INFORMATION SUPPLIED —
..............................

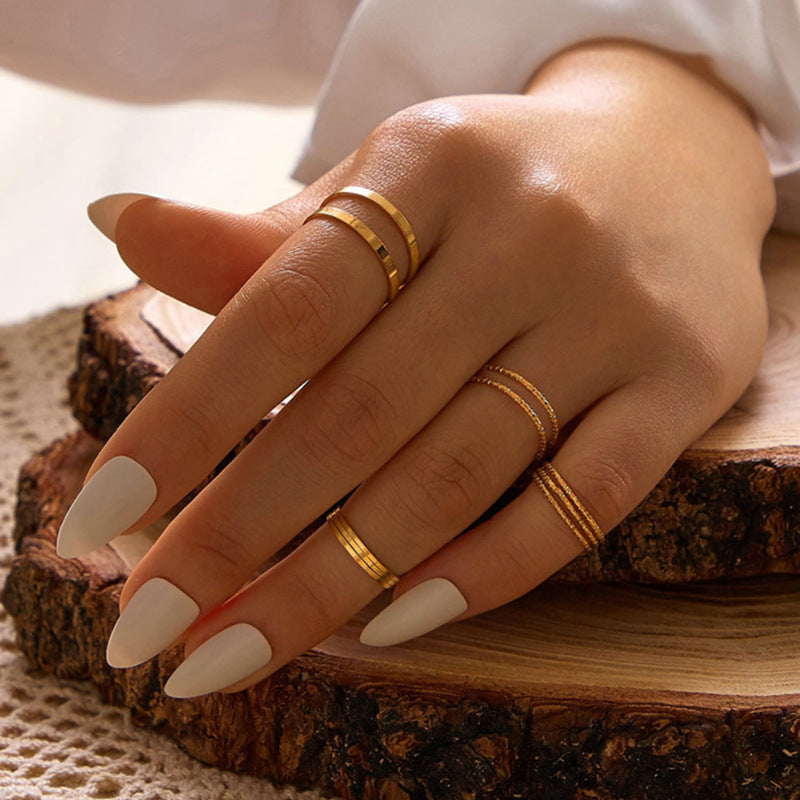 Ten-piece set of rings and thin rings.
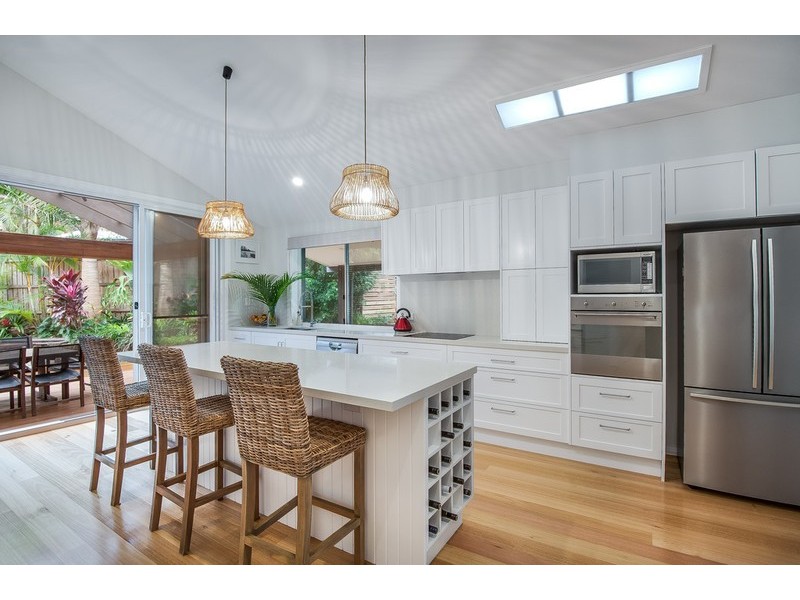 31 Lake Shore Drive, North Avoca NSW 2260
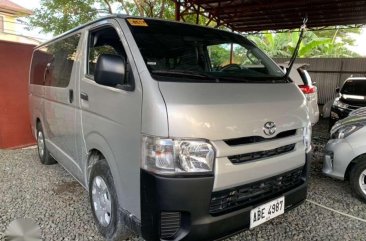 Casa Maintained 2016 TOYOTA Hiace 25 Commuter Manual Silver 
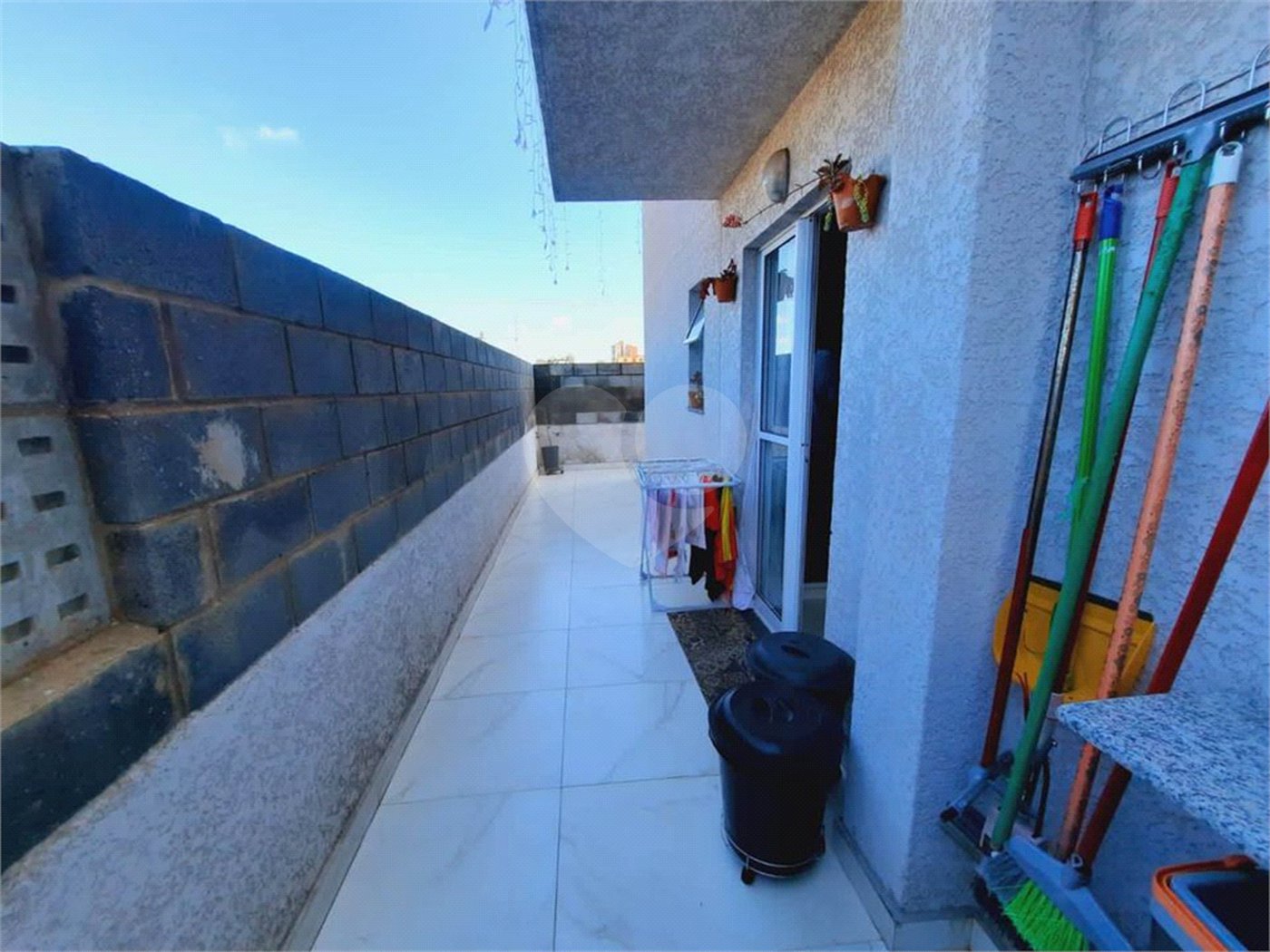 Apartamento térreo no Residencial Sineu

..............................

TASK DETAILS — Once the pictures are set aside, retype the rest of the listing exactly.

REPLY —
 Ten-piece set of rings and thin rings.
 31 Lake Shore Drive, North Avoca NSW 2260
 Casa Maintained 2016 TOYOTA Hiace 25 Commuter Manual Silver 
 Apartamento térreo no Residencial Sineu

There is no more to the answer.